In this notebook we present the pyJedAI schema matching functionality. In general Schema Matching looks for semantic correspondences between structures or models, such as database schemas, XML message formats, and ontologies, identifying different attribute names that describe the same feature (e.g., “profession” and “job” are semantically equivalent)
Website: https://delftdata.github.io/valentine
Valentine is an extensible open-source product to execute and organize large-scale automated matching processes on tabular data either for experimentation or deployment in real world data. Valentine includes implementations of seminal schema matching methods that we either implemented from scratch (due to absence of open source code) or imported from open repositories. To enable proper evaluation, Valentine offers a fabricator for creating evaluation dataset pairs that respect specific semantics.
!pip install pyjedai -U
!python --version
Python 3.9.16
import os
import sys
import pandas as pd
from pyjedai.utils import (
text_cleaning_method,
print_clusters,
print_blocks,
print_candidate_pairs
)
from pyjedai.evaluation import Evaluation
from pyjedai.datamodel import Data
d1 = pd.read_csv(r"C:\Users\nikol\Desktop\GitHub\pyJedAI-Dev\data\ccer\schema_matching\authors\authors1.csv")
d2 = pd.read_csv(r"C:\Users\nikol\Desktop\GitHub\pyJedAI-Dev\data\ccer\schema_matching\authors\authors2.csv")

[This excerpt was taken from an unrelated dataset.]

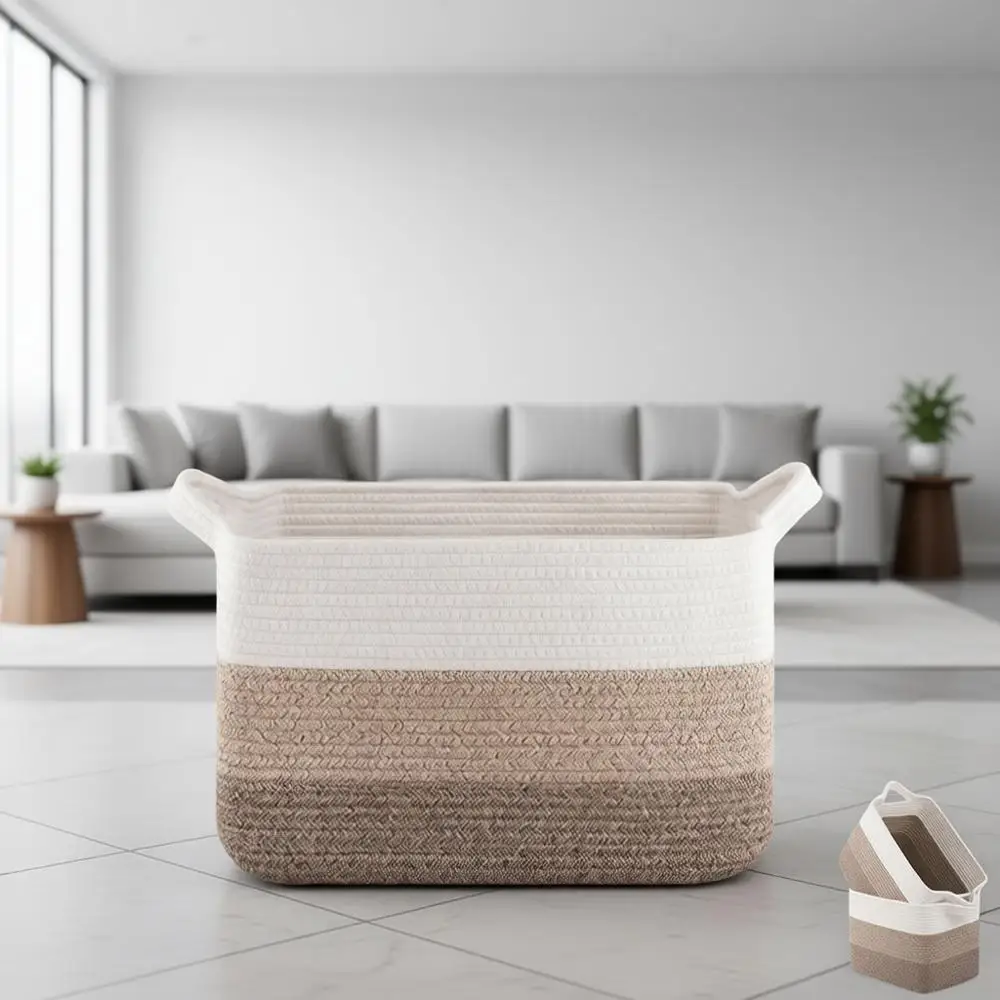 

Набор из 3 градиентных желтых хлопковых корзин для хранения, 16x12x10, для дома и детской комнаты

gt = pd.read_csv(r"C:\Users\nikol\Desktop\GitHub\pyJedAI-Dev\data\ccer\schema_matching\authors\pairs.csv")
data = Data(
dataset_1=d1,
attributes_1=['EID','Authors','Cited by','Title','Year','Source tittle','DOI'],
id_column_name_1='EID',
dataset_2=d2,
attributes_2=['EID','Authors','Cited by','Country','Document Type','City','Access Type','aggregationType'],
id_column_name_2='EID',
ground_truth=gt,
)
from pyjedai.schema.matching import ValentineMethodBuilder, ValentineSchemaMatching
sm = ValentineSchemaMatching(ValentineMethodBuilder.cupid_matcher())
sm.process(data)
matches = sm.get_matches()
sm.print_matches()
sm.evaluate()